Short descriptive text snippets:

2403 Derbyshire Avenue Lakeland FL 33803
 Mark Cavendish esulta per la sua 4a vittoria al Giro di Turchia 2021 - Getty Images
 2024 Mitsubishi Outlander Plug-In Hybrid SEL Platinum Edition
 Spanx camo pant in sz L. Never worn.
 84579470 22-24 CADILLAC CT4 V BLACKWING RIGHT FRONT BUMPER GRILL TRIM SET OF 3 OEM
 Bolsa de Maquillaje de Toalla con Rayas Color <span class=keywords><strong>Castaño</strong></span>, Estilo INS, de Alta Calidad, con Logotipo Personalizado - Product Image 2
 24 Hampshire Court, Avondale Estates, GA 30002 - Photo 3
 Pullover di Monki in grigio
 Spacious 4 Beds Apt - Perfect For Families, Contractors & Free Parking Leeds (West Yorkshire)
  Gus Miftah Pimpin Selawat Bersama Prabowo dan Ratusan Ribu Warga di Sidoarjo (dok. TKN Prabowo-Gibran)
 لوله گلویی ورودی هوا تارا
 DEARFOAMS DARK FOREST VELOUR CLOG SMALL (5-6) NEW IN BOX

EXERCISE OBJECTIVE:
To complete the exercise, print all of the entries exactly.

ANSWER FOR THE TASK:
2403 Derbyshire Avenue Lakeland FL 33803
 Mark Cavendish esulta per la sua 4a vittoria al Giro di Turchia 2021 - Getty Images
 2024 Mitsubishi Outlander Plug-In Hybrid SEL Platinum Edition
 Spanx camo pant in sz L. Never worn.
 84579470 22-24 CADILLAC CT4 V BLACKWING RIGHT FRONT BUMPER GRILL TRIM SET OF 3 OEM
 Bolsa de Maquillaje de Toalla con Rayas Color <span class=keywords><strong>Castaño</strong></span>, Estilo INS, de Alta Calidad, con Logotipo Personalizado - Product Image 2
 24 Hampshire Court, Avondale Estates, GA 30002 - Photo 3
 Pullover di Monki in grigio
 Spacious 4 Beds Apt - Perfect For Families, Contractors & Free Parking Leeds (West Yorkshire)
  Gus Miftah Pimpin Selawat Bersama Prabowo dan Ratusan Ribu Warga di Sidoarjo (dok. TKN Prabowo-Gibran)
 لوله گلویی ورودی هوا تارا
 DEARFOAMS DARK FOREST VELOUR CLOG SMALL (5-6) NEW IN BOX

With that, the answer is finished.